Football fans seem to be suffering from a similar problem: officials at the new Wembley Stadium, which is still under construction, announced last week that they felt compelled to fit 50cm-wide seats, up 9cm from those at the old stadium. To give you an idea of scale, the average toilet seat is 38cm wide. That is ample, some would say - although not for Queen Elizabeth: her throne is 95cm wide.

Still, if you had been to a Premiership football match recently, you would know of the need for extra cheek room. Fans are about as svelte as they are polite to the opposing team, but most seating is still compact, to put it mildly. Leg room, too, is miserly, with fans likely to get a knee in the back of the neck (and no referee to cry, 'Foul!').

As rules demand that Premiership football fans sit down, clubs should perhaps follow the Football Association's lead at Wembley. Instead, they are always trying to squeeze more bums on seats, especially, it seems, at West Ham United's Upton Park ground in east London, where an opposing team's fans appear physically joined at the hip.

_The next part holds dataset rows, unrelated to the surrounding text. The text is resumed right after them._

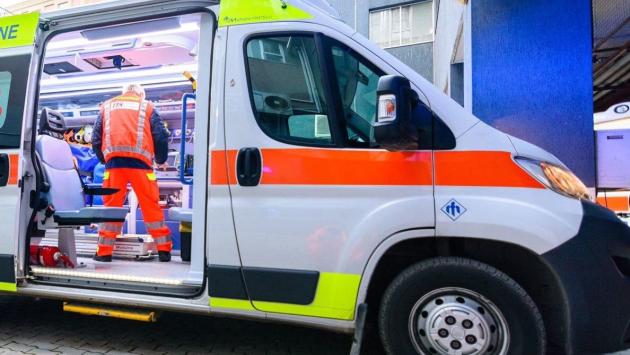 Si ferma a prestare soccorso, muore investito sulla  A14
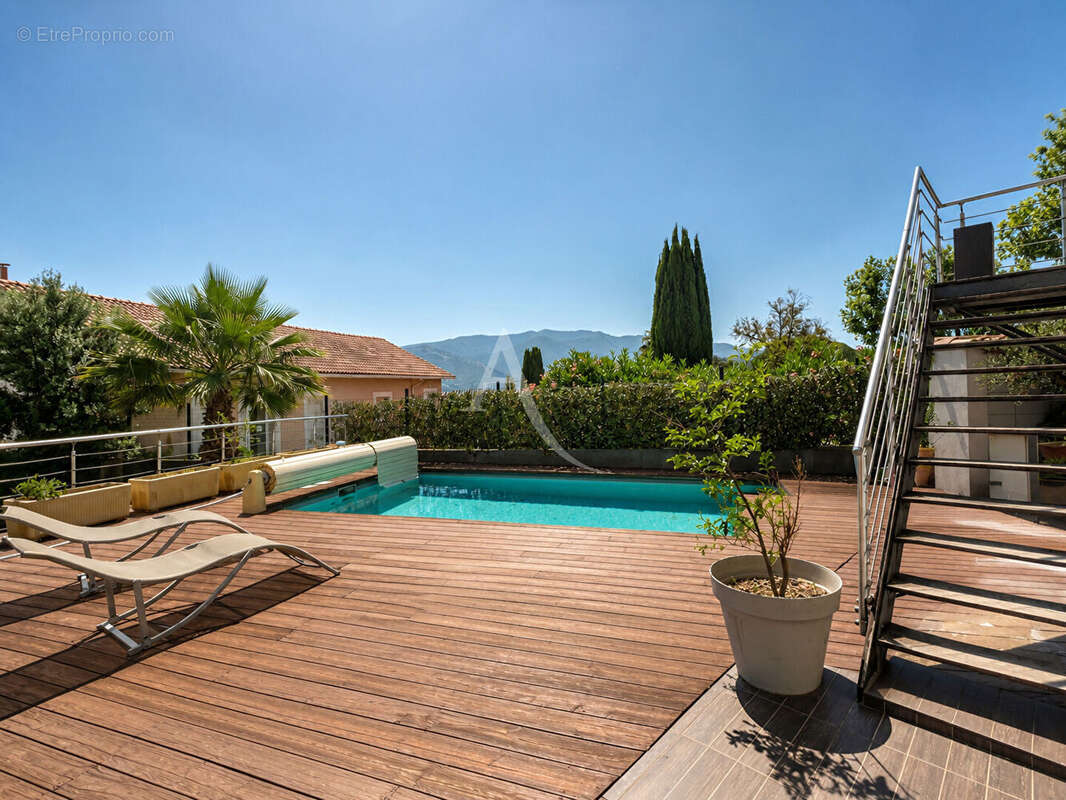 Maison familiale avec piscine, dépendance et stationnement ? Marseille 11e - photo 16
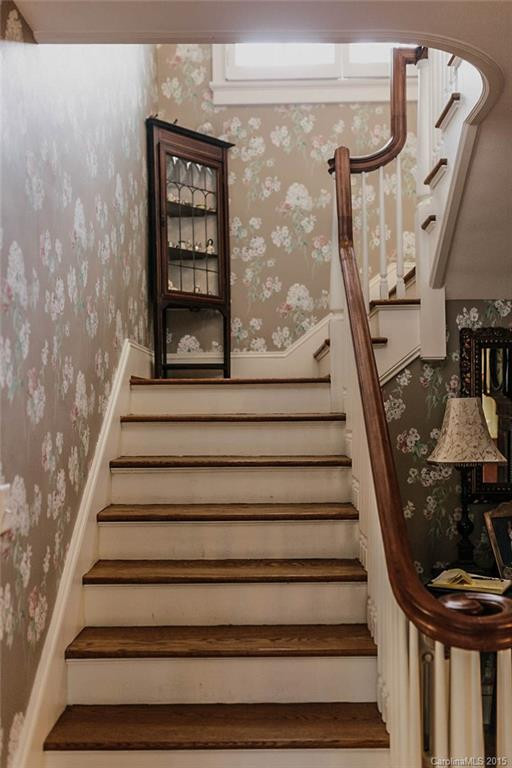 341 Vanderbilt Road - Photo 8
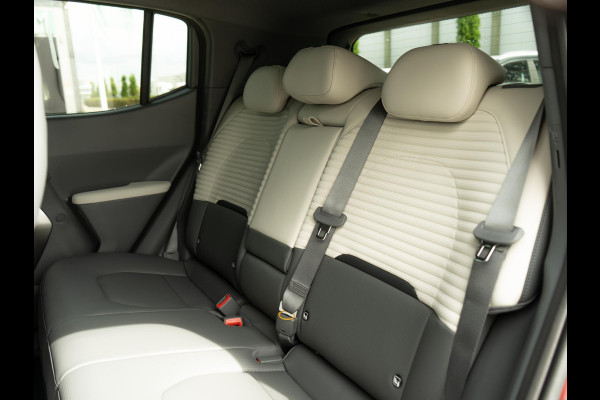 Kia EV2 GT-Line 61 kWh 4p. | Schuifkanteldak | Stoel en stuurverwarming | PDC voor en achter |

The same is true of London buses. Seat width on new ones, especially the controversial red 'bendy buses' - the over-long vehicles that bend in the middle, like a concertina - is shrinking (although you are lucky to get a seat at all). Such buses allow for more standing, not more seating. Seats on modern double-decker buses are also noticeably narrower, and much more uncomfortable - some operators have taken to removing the padding, saving weight and thus shaving costs.

Britons' expanding bottoms have not gone unnoticed by designers, either. Senator, a leading UK office-chair manufacturer, is redesigning its basic lines, boosting the spread of its seats.

But perhaps the answer lies not in accommodating bigger bottoms on wider seats, but encouraging people to get off theirs and lose weight in the first place. Only then, perhaps, can we can all sit comfortably.